Come 2006's Ice Age: The Meltdown: Manny meets a mate, Ellie, who is under the mistaken impression that she is a possum and the strange herd saves the entire valley from a potentially devastating flood. In Dawn of the Dinosaurs, Ellie is with child, Manny is thoroughly domesticated, Diego is hearing the call of the wild, and klutzy and addlebrained Sid is feeling broody - so much so that when he happens across three seemingly abandoned eggs, he adopts them as his own. The babies that emerge all have big teeth and appetites to match, but Sid is not discouraged until an angry T-Rex comes to reclaim them and leads him down to a subterranean "lost valley" of the dinosaurs. Needless to say, Sid's pals decide they must follow.

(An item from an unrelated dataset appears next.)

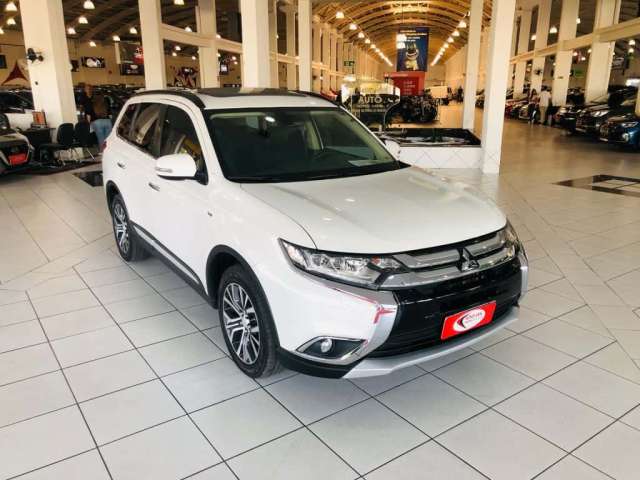 MITSUBISHI OUTLANDER 3.0 4X4 V6 24V GASOLINA 4P AUTOMÁTICO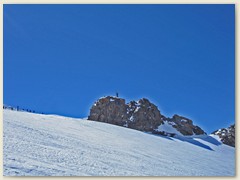 30 Das Balmenhorn 4167 m mit der riesigen Bronzestatue ' Christo delle Vette '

After a lachrymose start that belabours the fissures threatening the friendship of the three males, Ice Age 3 soon reverts to the frantic pace of its predecessors. Underground (a much more verdant environment than you might expect), Sid and his friends face one perilous adventure after another. With their breathless concentration on high-stakes action - intermingled with a few choice wisecracks - these movies are really a throwback to the Looney Tunes shorts that came out of Warner Bros in the 1940s and 1950s: it's safe to say that Wile E Coyote and Roadrunner would be up to speed in this company.
The franchise even has its own supporting short in the shape of a running gag about a mute squirrel, Scrat, and his fruitless attempts to hold on to an elusive acorn. In this instalment, his struggles are complicated by the arrival of a female squirrel, who is both a rival for the nut and a distraction in her own right. Of course, the Looney Tunes shorts didn't have to sustain our interest for 94 minutes, and Ice Age: Dawn of the Dinosaurs struggles to find room to develop each of what is now a lengthy cast of characters. Diego (voiced by Denis Leary) and Manny (the Everybody Loves Raymond star Ray Romano) are left fighting over scraps in a script which doles out perfunctory character arcs like goody bags at a children's party: everyone gets one but they'll be landfill by morning.
Meanwhile, the irritatingly immature and idiotic Sid (the perennial supporting player John Leguizamo) gets the lion's share of the dramatic focus and the comedy bragging rights. More accurately, he splits most of the screen time with yet another character, a one-eyed weasel named Buck who serves as a guide to the land of the dinosaurs. Voiced by the British comedian Simon Pegg (Shaun of the Dead), Buck is a reckless adventurer likely modelled on Shrek 2's scene-stealing Puss in Boots.
Buck is an engagingly eccentric fellow - evidently out of his mind and often as not dead wrong in the leadership department. The filmmakers seem to be in two minds themselves about whether to keep him on hand for a potential third sequel, but the truth is that the next Ice Age needs less characters and more story. There is enough wit and technical acumen on display to keep part three moving along briskly, but take a step back and you can see the series is running on a treadmill. It can't go much faster before falling flat.